Она не появляется внезапно, как глюк, а вполне себе подходит к нему, отделяясь от кучи тел, уже не подающих признаков жизни.
Её лицо словно фарфоровое, и по этому чистому фарфору идут трещины — от поднимающегося ветра его «перерезают» длинные чёрные волосинки, выбившиеся из тугого хвоста. Её губы красные, словно намазанные помадой — и это главный сигнал того, что химикат на неё действует. Пусть походка её ровная и почти уверенная.
Ева.
Он не знал, что она здесь.
Он знал, что она здесь.
И вообще вся эта свистопляска с опасным вирусом, от которого нет спасения… Единственный вариант — принудительная «дезинфекция» на строго ограниченной территории. Слишком уж избирательно он поражает. В основном тех, кто смог перейти дорогу власть имущим.
Ева… Как ты могла попасться? Ты ведь всегда была слишком хитрой — как тот лис, что ловко несётся прямо под нос охотничьим собакам, и поэтому всегда от них ускользает.
Как ты могла оказаться здесь?..
Она улыбается, глядя на него, хоть под её глазами с каждой секундой обостряется чернота. Её погибающее тело не может не болеть, даже если до сих пор держит её на ногах.
Он сглатывает абсолютно сухим горлом.
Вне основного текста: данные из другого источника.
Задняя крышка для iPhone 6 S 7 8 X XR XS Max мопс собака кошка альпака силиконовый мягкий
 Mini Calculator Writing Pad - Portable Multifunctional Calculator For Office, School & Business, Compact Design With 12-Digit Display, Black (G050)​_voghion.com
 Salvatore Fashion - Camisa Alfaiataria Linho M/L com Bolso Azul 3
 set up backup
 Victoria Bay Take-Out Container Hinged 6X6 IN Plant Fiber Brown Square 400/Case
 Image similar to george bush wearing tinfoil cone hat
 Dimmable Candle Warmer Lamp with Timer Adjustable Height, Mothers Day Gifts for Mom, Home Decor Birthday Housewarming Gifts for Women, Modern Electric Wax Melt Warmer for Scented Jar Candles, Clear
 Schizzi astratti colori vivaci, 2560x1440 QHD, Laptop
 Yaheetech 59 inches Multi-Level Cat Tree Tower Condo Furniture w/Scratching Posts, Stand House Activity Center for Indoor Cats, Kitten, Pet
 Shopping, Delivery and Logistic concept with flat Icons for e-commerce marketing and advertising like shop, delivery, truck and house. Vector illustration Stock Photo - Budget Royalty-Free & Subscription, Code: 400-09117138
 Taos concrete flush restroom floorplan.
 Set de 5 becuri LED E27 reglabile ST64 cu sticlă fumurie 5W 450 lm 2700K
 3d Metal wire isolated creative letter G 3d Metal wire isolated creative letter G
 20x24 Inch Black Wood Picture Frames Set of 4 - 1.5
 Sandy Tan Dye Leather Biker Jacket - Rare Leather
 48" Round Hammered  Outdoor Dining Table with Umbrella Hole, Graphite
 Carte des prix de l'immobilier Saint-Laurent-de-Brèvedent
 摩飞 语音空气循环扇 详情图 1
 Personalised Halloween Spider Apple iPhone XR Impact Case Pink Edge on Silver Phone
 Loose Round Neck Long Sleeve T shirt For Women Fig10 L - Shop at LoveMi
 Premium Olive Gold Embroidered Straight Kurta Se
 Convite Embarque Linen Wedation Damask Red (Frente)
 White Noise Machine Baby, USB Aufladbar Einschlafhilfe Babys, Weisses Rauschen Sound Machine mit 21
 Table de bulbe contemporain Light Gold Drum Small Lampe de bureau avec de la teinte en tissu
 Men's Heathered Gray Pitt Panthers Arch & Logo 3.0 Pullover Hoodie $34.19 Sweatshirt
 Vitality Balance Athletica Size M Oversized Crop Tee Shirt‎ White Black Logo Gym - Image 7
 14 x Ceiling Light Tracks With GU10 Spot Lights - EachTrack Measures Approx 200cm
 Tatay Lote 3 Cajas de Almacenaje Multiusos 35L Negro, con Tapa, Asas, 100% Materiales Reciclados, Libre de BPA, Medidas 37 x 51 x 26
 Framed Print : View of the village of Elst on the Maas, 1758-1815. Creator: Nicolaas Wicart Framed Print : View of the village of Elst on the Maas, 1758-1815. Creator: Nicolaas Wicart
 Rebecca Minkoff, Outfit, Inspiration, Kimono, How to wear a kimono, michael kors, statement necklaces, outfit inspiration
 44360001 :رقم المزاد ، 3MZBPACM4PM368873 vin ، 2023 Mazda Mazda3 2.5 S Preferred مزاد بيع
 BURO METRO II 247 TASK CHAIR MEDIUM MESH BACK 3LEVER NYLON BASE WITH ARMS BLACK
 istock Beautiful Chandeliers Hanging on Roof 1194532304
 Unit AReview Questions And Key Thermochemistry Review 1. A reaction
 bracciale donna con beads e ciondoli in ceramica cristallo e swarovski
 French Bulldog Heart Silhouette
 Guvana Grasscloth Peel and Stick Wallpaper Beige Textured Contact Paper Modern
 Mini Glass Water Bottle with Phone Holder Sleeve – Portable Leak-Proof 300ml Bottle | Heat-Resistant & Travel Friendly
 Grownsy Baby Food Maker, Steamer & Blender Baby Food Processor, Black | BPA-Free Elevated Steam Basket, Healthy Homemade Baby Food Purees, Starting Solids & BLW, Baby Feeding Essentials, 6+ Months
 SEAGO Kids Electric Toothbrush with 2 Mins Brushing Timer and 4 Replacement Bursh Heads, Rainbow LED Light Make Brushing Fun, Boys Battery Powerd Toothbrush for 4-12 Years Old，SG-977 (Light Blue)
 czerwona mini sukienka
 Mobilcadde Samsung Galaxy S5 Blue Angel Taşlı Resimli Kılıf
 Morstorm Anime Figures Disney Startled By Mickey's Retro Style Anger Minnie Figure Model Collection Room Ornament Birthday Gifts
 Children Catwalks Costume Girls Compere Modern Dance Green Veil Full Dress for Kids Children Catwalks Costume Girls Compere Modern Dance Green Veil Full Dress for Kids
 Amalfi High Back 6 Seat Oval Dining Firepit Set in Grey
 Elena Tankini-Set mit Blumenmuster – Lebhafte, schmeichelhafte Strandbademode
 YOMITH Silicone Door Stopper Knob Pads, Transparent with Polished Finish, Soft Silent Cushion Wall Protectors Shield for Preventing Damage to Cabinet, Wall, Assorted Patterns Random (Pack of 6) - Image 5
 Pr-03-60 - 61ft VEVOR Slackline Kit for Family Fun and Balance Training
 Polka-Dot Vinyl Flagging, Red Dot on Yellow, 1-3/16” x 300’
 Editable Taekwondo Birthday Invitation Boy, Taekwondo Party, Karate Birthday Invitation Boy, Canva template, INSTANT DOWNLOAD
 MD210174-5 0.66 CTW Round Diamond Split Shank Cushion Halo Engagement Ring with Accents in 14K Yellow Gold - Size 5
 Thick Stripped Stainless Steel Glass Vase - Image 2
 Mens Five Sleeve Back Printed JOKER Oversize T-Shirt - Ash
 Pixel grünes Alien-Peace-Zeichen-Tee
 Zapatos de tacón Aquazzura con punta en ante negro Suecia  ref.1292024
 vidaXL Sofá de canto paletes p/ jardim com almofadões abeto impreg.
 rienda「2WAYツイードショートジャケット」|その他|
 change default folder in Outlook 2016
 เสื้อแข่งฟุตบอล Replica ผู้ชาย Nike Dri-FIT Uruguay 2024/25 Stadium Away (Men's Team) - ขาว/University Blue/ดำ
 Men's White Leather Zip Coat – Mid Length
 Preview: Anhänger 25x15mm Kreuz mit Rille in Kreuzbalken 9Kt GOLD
И мир норовит поплыть перед глазами. Он ждёт её вердикта, а спина сама собой прогибается, словно у провинившегося младшеклассника.
Её пронзительному взгляду ничто не мешает проникать через его защитную амуницию. И он чувствует себя голым.
Долго. Очень долго.
Пока, наконец, её губы не размыкаются и она не произносит:
— Я тебя тоже.
— Что? — он думает, что ему послышалось.
— Я тоже буду любить тебя до самой смерти, — поясняет она, и улыбка её больше трогает глаза, нежели губы.
В груди его рвёт, будто от осколка гранаты. А она тем временем делает шаг вперёд. К нему.
Наверное, стоило бы уклониться. Но её внимательный взгляд приковывает к себе на месте.
Она смотрит прямо в глаза. И у него, несмотря на всё желание, никак не получается до конца прочитать смысл этого взгляда.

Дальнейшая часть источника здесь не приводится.